Un décret émanant du Kremlin et concernant le gaz russe
Le décret du Kremlin “introduit une nouvelle procédure de paiement en deux phases”. Elle comporte d’abord un versement sur un compte de Gazprombank en euros ou dollars -les devises prévues par 97% des contrats conclus par les groupes européens. La conversion en roubles se fait sur un second compte ouvert auprès du même établissement, explique la Commission européenne.
Cette conversion suppose une transaction avec la Banque centrale russe que le régime des sanctions de l’UE interdit.
“Dans ce système sophistiqué, les entreprises ne sont considérées comme ayant acquitté leur versement qu’une fois leurs devises transformées en roubles, dans un délai et à un taux de change qu’elles-mêmes ne contrôlent absolument pas (…) Clairement, c’est une contravention aux sanctions”.
C’est ce qu’a expliqué un porte-parole de l’exécutif européen.
Des divergences quant à son interprétation
Mercredi, le ministre allemand de l’Economie Robert Habeck avait donné une interprétation différente du décret russe.
“Les versements seront effectués en euros puis transférés par Gazprombank sur un compte en roubles: c’est la voie que nous suivons, c’est la voie que l’Europe nous a montrée, c’est compatible avec les sanctions” et “conforme aux contrats” passés par les entreprises allemandes ».
Techniquement, l’obligation de paiement est remplie dès lors que le versement en euros a été effectué auprès de Gazprombank. C’est ce qu’a aussi estimé la société allemande Uniper, tout en disant attendre des “clarifications”. L’énergéticien autrichien OMV a accepté les conditions de paiement (de Moscou). Elles ont été considérées comme conformes aux sanctions selon le chancelier autrichien Karl Nehammer. Sa porte-parole a cependant indiqué à l’AFP que les discussions se poursuivaient sur ce point.

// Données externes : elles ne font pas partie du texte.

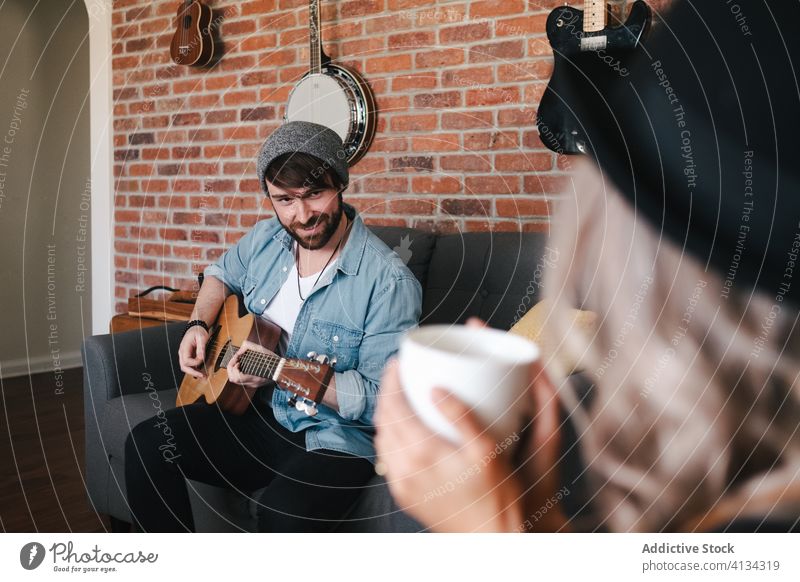 Musician playing guitar sitting with girlfriend on sofa at home couple music free time comfort living room friendship together relationship legs crossed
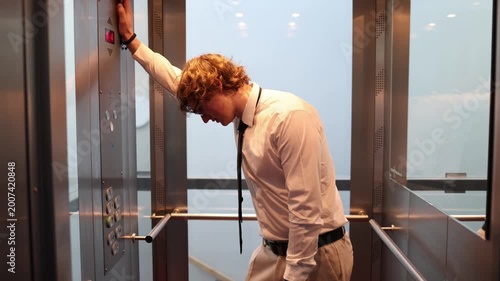 Tired office worker rides the elevator on the way to work showing morning fatigue low energy emotional strain and the quiet pressure of another demanding day
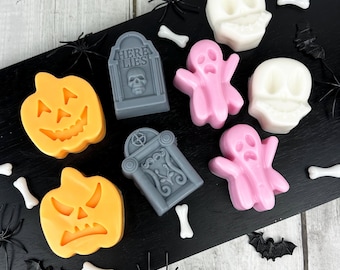 May include: A collection of Halloween-themed wax melts in various shapes, including jack-o'-lanterns, tombstones, ghosts, skulls, and bones. The melts are orange, gray, pink, and white, arranged on a black surface with decorative spiders and bats.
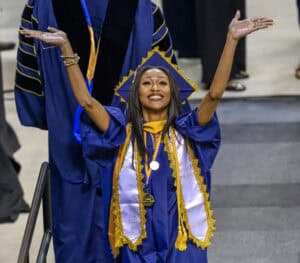 Bright smiling graduate in blue cap and gown celebrating at graduation ceremony, holding her arms up.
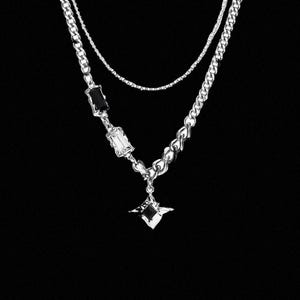 May include: A layered silver-tone necklace featuring a delicate chain and a thicker curb chain. The thicker chain is adorned with two rectangular crystals, one black and one clear, and a central four-pointed star pendant with a black stone.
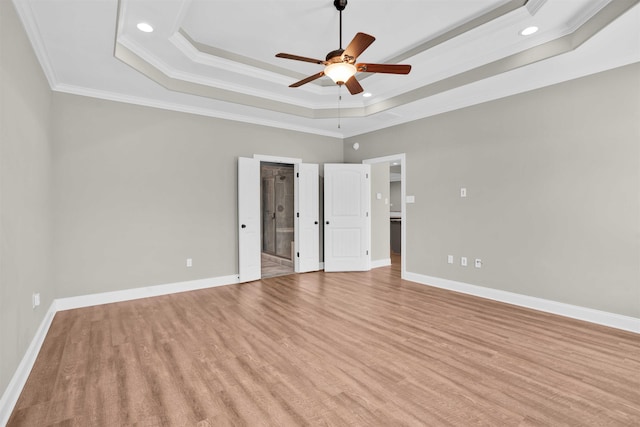 unfurnished bedroom featuring a raised ceiling, crown molding, ceiling fan, a spacious closet, and light wood-type flooring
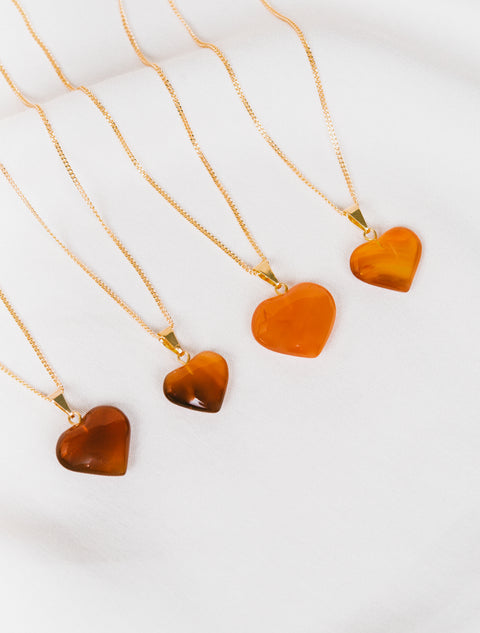 trois pendentifs en forme de cœur sur une chaîne en or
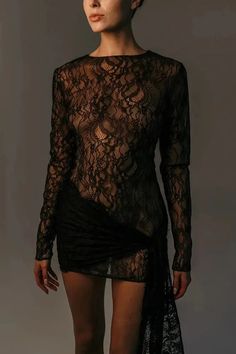 a woman in a black dress with sheer lace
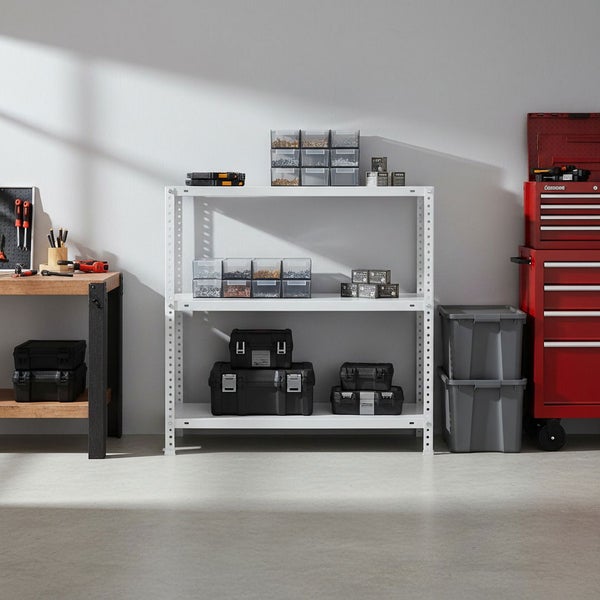 Hell und organisiert gestaltete Werkstatt mit weißem Metallregal, Werkzeugkoffern, Kleinteilemagazinen, Holzwerkbank und rotem Werkstattwagen.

Selon une source industrielle, l’italien ENI “évalue” de son côté la possibilité d’ouvrir un compte en euros et un autre en roubles auprès de Gazprombank. Sa prochaine échéance arrive dans la deuxième quinzaine de mai, mais il n’a pas encore pris sa décision. Il y a un processus constant d’échanges avec les États membres pour s’assurer qu’ils aient le maximum de clarté. C’est ce qu’on indique à la Commission. Elle rappelle que le contrôle du respect des sanctions est une prérogative des autorités nationales. La question sera au menu lundi d’une réunion extraordinaire des ministres de l’Energie des Vingt-Sept.